On Apr 9, 11:39 am, Tony Gravagno
<address.is.in.po... (AT) removethis (DOT) com.invalid> wrote:
Quote:
"dtsig" wrote:
Simple facts. I can't bring back a mv field. There is no way to use
LIST to report the data. I have to write the report in code.

You are right .. not too much of a problem here. As I work with D3 i
lower my expectations. And that is alright.

Dave, I've cited this many times as being the most requested feature
I've ever seen for D3. If you haven't yet done so (haven't been
tracking this thread too closely because it's essentially a repetition
of so many we've already seen), I recommend you file a request with
RD, just to ensure you get in your "me too". Considering this feature
has been requested for every release at least since 1995, I doubt RD
will make the enhancement, but let's leave such things to them, our
job is to just report what we need.

For now, you're right, you need to use a program to be able to
simulate the functionality where a translate returns an MV field.
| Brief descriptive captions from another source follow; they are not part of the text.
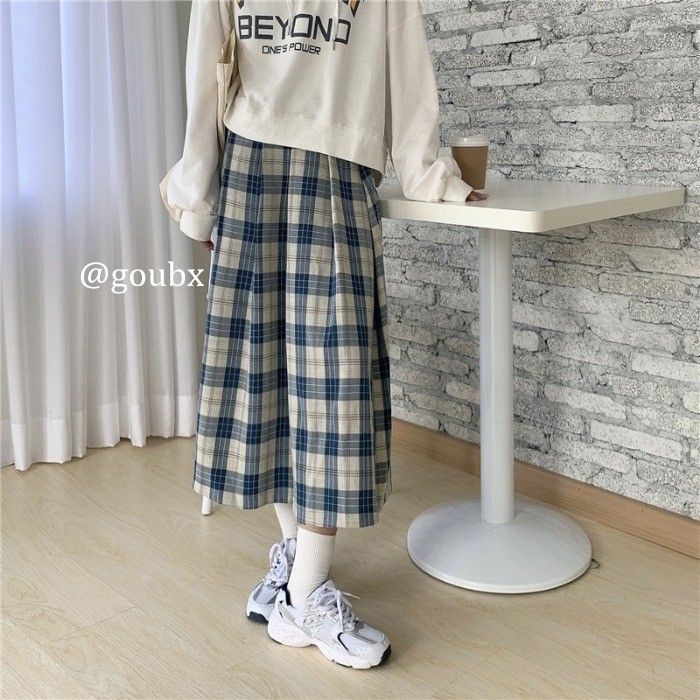(ORDER) Chân váy midi xòe dài xếp ly kẻ sọc caro vintage mùa thu - Có ảnh thật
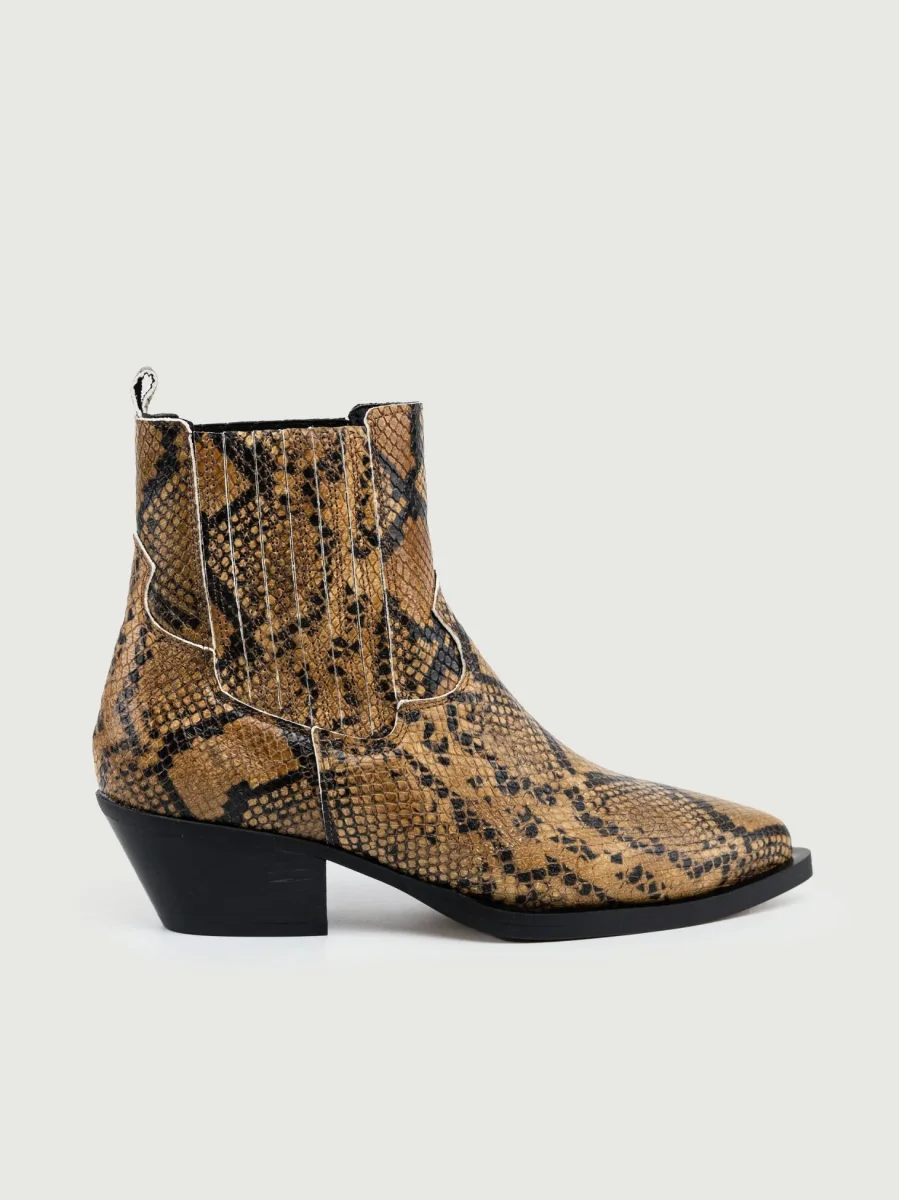STIVALETTO TEXANO STAMPA PITONE CARAMELLO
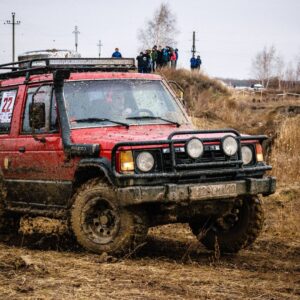 A car covered with mud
You
absolutely can't do this with AQL.

However, while I don't particularly like this solution, you could
reformat your data as part of your reporting process, bringing primary
and translated data in-line to a work file and reporting on that.
Gasp, sigh, ugh, ptooey, this is an awful solution, but no less kludgy
than some of the other crap that people use for solutions with MV
software. You face one of two choices: write code or reformat data.
When put in those terms it seems both options are equally distasteful,
so I'd just evaluate the details and decide on what seems to be the
least painful and most maintainable solution.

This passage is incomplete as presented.